◆ Exercise objective
Only the lines from the beginning of the entries through the one with "debriefing_nicolas-jossi-ERUiIwjIf3Q-unsplash.jpg" should be written out, please, exactly and without any pictures.

◆ Input
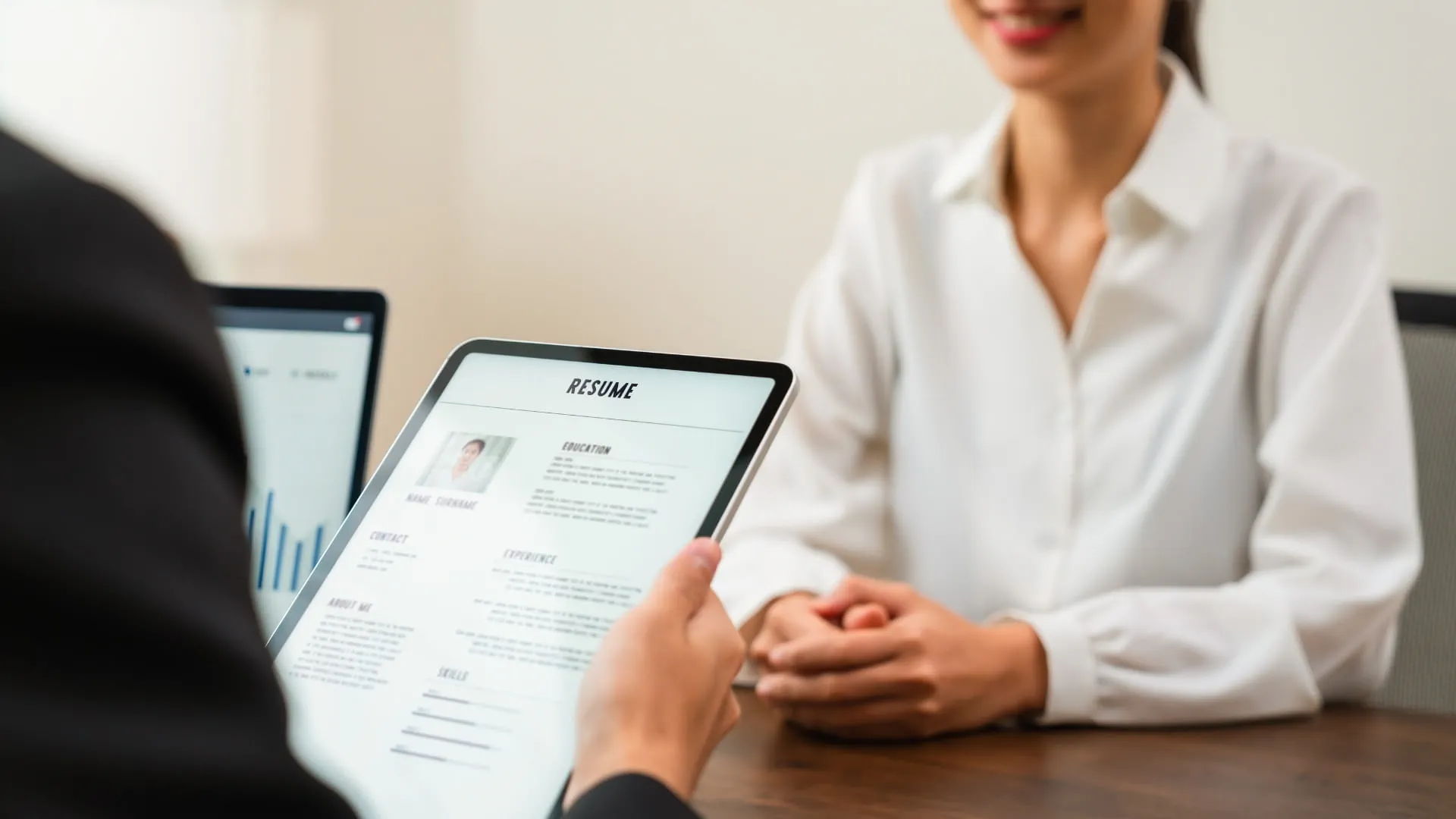 recruteur examinant le CV d'un candidat recruteur examinant le CV d'un candidat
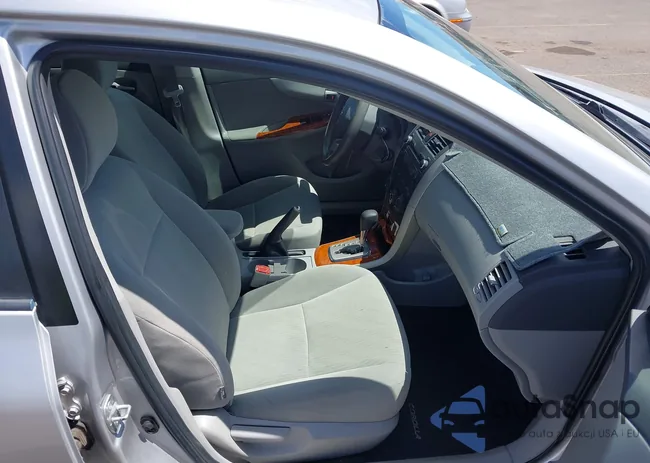 1NXBU4EE5AZ278956: 42370995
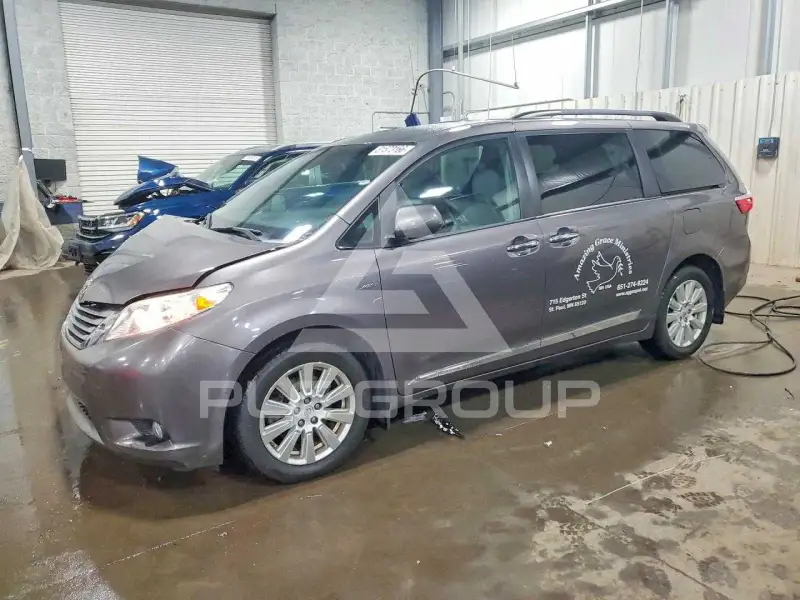 2017 Toyota SIENNA фото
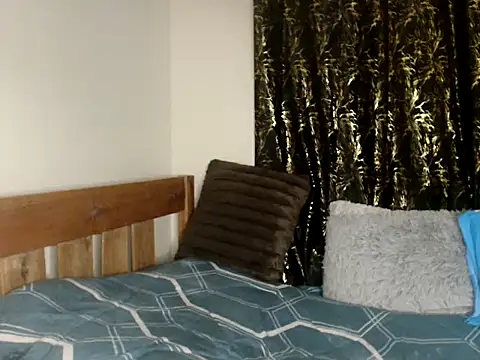 Sexxy prity25 online show from November 22, 3:33 pm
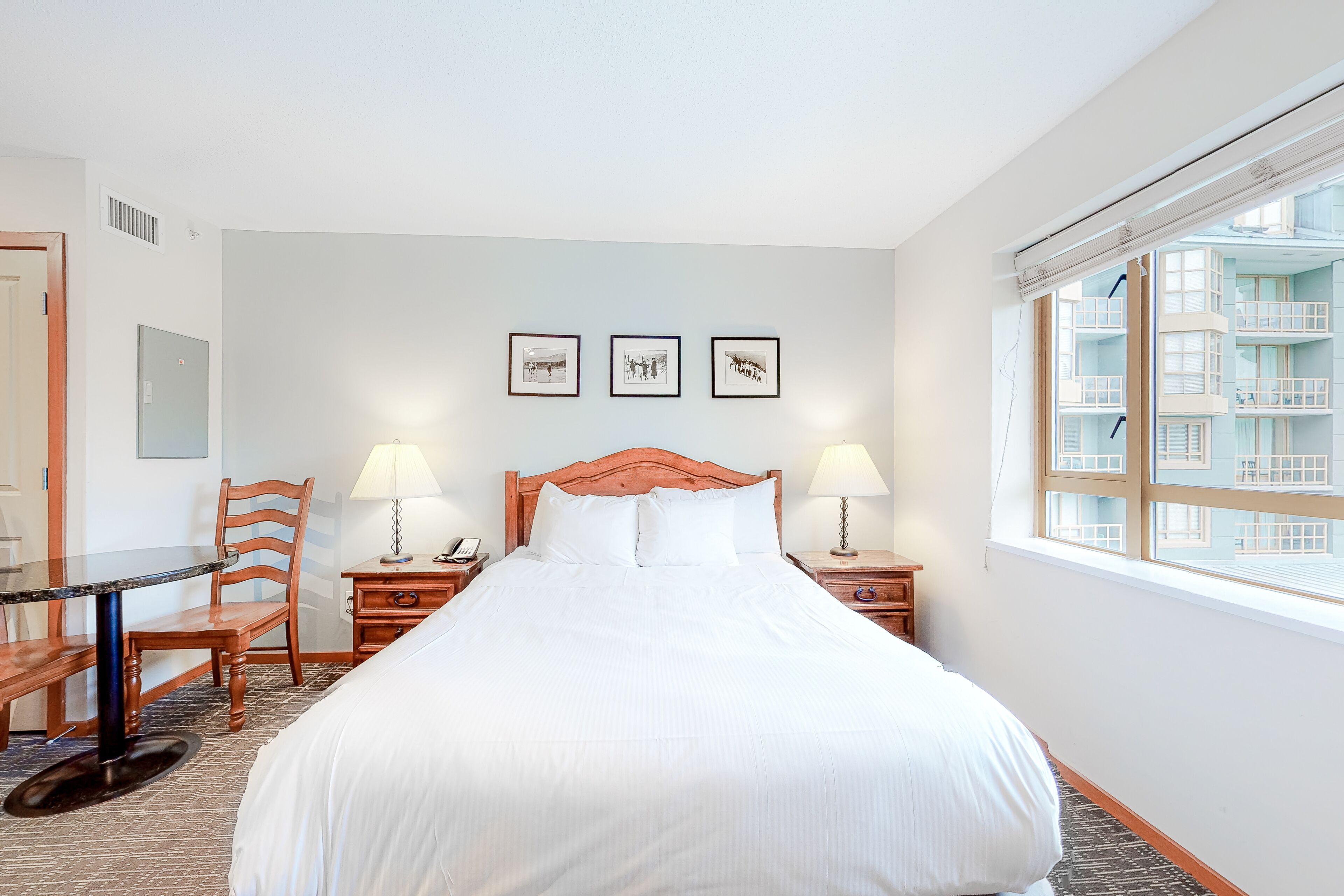 Efficient mountain condo with kitchenette, pool & hot tub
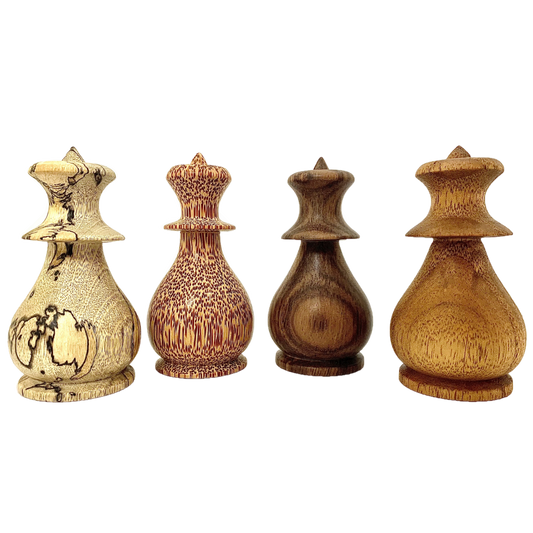 Mini WW Pointy Spire/4pc houten decorstukken in verschillende houtsoorten, perfect voor miniatuur- of modelbouwprojecten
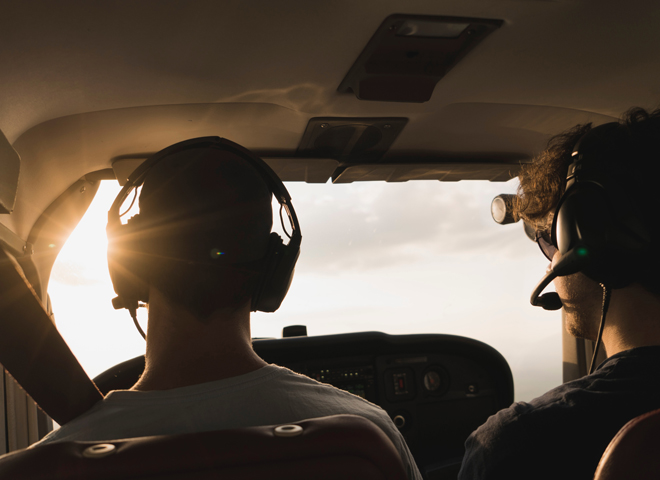 debriefing_nicolas-jossi-ERUiIwjIf3Q-unsplash.jpg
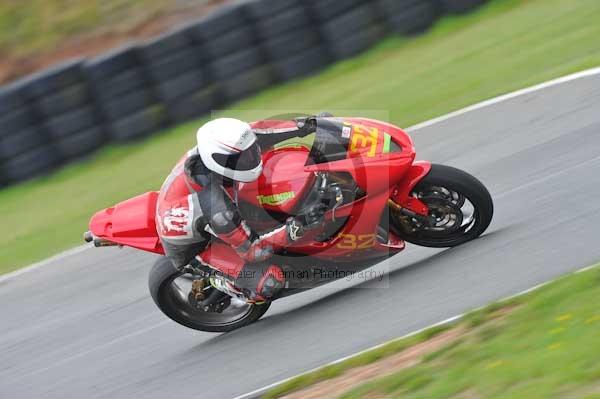 Mallory park Leicestershire;Mallory park photographs;Motorcycle action photographs;Trackday digital images;event digital images;eventdigitalimages;mallory park;no limits trackday;peter wileman photography;trackday;trackday photos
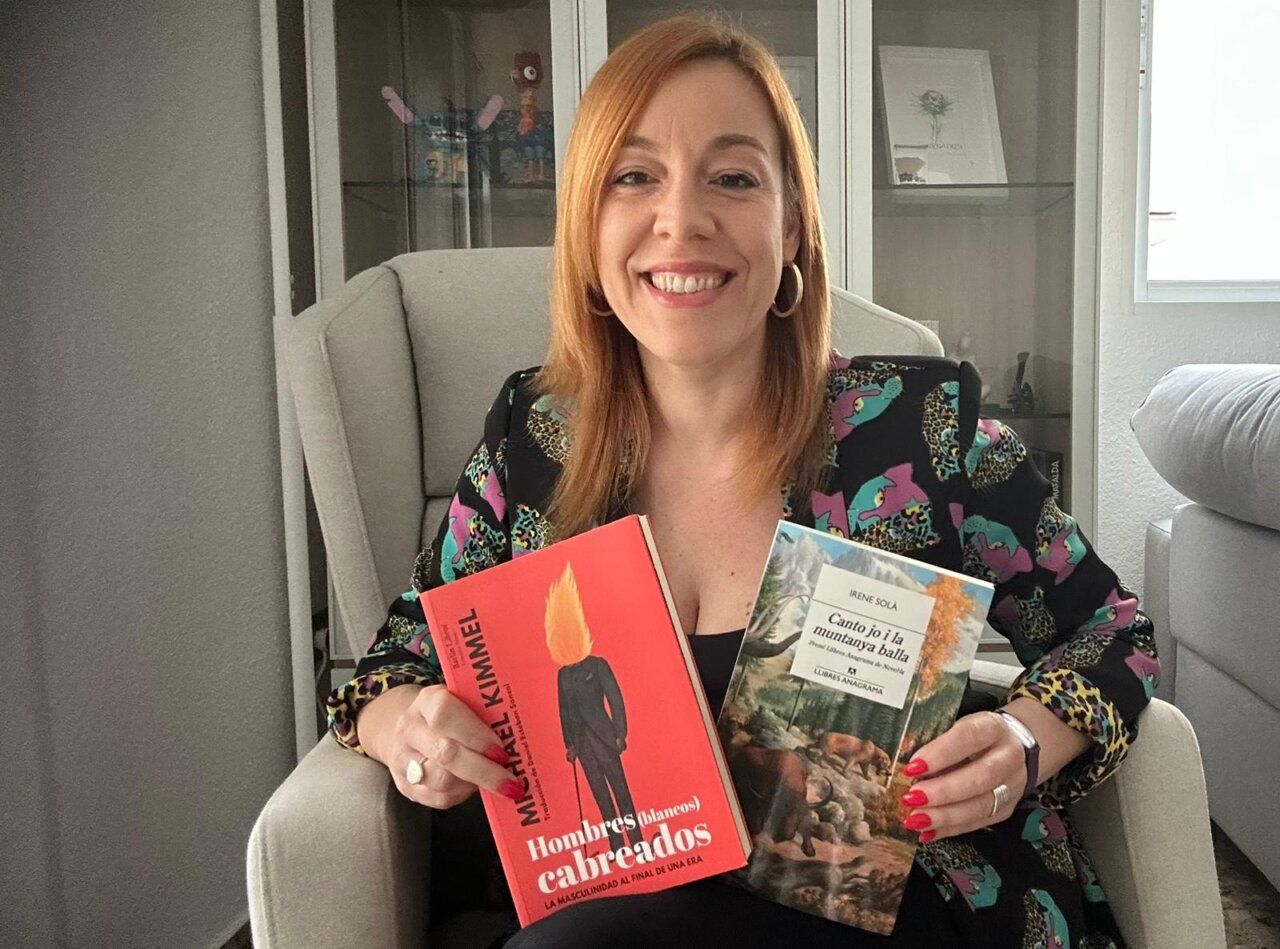 Dolors Gimeno celebra el Día del Libro recomendando lecturas.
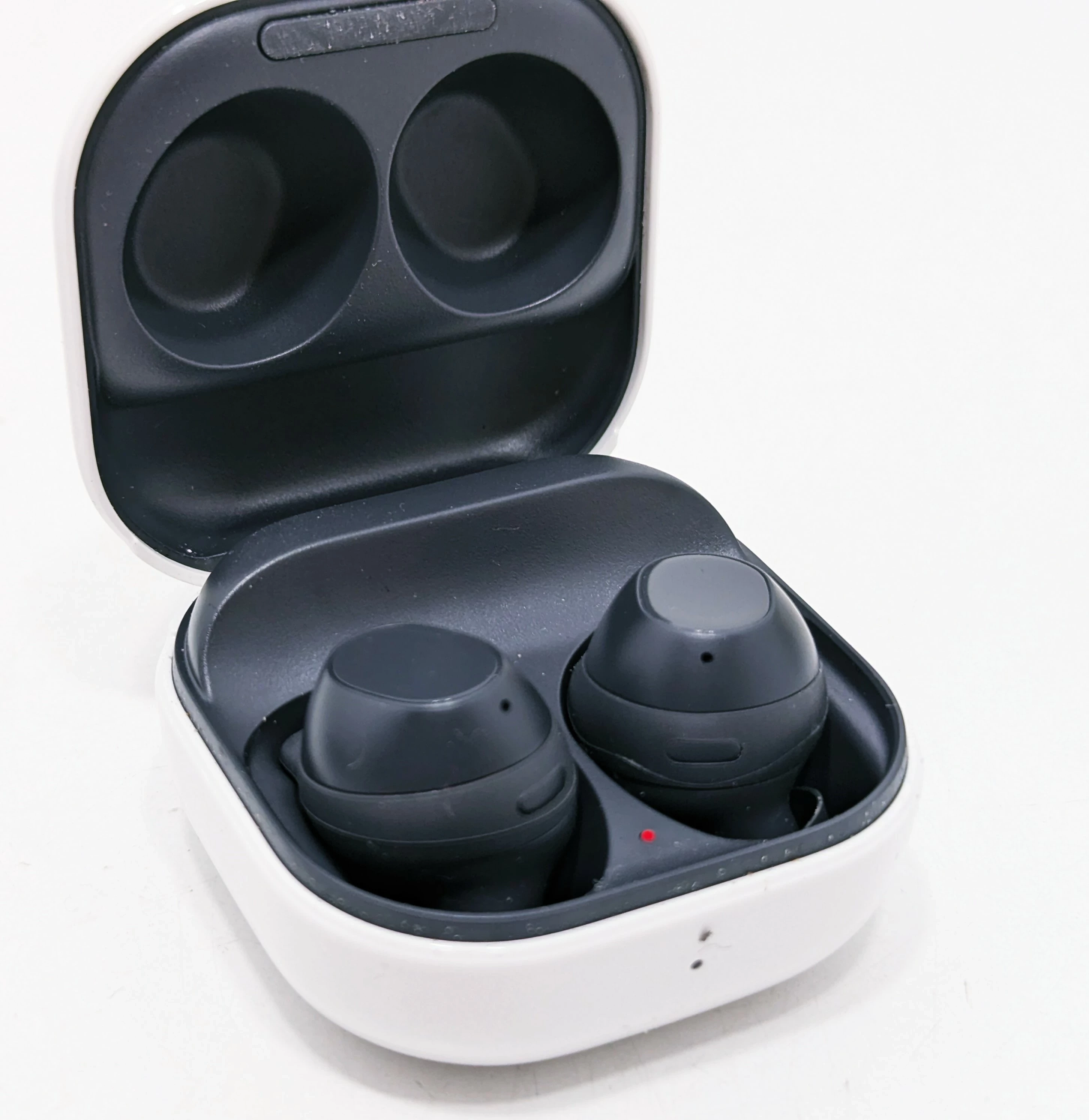 sluchawki-bezprzewodowe-samsung-buds-fe-w-etui-trocka-11-warszawa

◆ Exercise output
 recruteur examinant le CV d'un candidat recruteur examinant le CV d'un candidat
 1NXBU4EE5AZ278956: 42370995
 2017 Toyota SIENNA фото
 Sexxy prity25 online show from November 22, 3:33 pm
 Efficient mountain condo with kitchenette, pool & hot tub
 Mini WW Pointy Spire/4pc houten decorstukken in verschillende houtsoorten, perfect voor miniatuur- of modelbouwprojecten
 debriefing_nicolas-jossi-ERUiIwjIf3Q-unsplash.jpg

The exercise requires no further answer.